A very nasty trick has been played on us by the scriptwriters. Much of the fun of listening to long-running soaps (and at 59 years The Archers has run longer than any) is figuring out what’s going to happen before it does. It’s a way of playing god with life. You know everyone in the cast almost as well as you know your family. You’ve been overhearing their petty deceits and minor disputes for as long as you can remember. Sometimes you tune in religiously every evening; at others you leave them to get along without you and when you tune back in nothing much will have changed. You become so familiar with the rhythm of life in Borsetshire that you feel able to detect the smallest hint of change or looming disaster. It’s that feeling of power that keeps us hooked in; a sense of control, of being in charge of things. It feels real, and yet has the boon of being fictional and therefore predictable. But I’d had no suspicions about Sid — or anyone else. There were no subtle suggestions that something bad was on the way, or, if there were, my usually reliable antennae failed to notice them. (Even the dreadful Vicky has been disappointingly soaped off so that the stepmother-in-law from hell has become almost lovable.)

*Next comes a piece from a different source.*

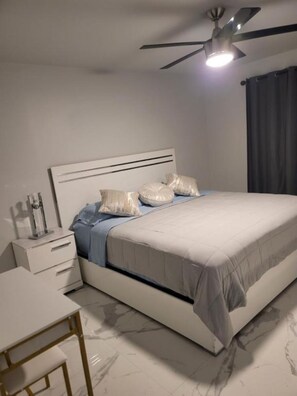A modern bedroom with a bed, bedside table, and a desk. - Stylish 3BR Pool Home Villa Frankely! (TAMPA)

I suppose I should have guessed that Sid’s trip was so completely out of character that it must augur something nasty. After all, he never went away. He was always there, behind the bar, fussing about the beer and complaining about the cricket team. But Sid is no more. Victim of a heart attack at 66 years old — or rather of the desire by Alan Devereux for a release (after 48 years) from his labours as ex-Brummie bad boy turned stalwart of the community. It’s surprising in a way that Devereux didn’t choose to retire earlier, after being forced to go through with the Great Shower Scene between Sid and Jolene (an ear-washing experience). What will happen to the Bull without him?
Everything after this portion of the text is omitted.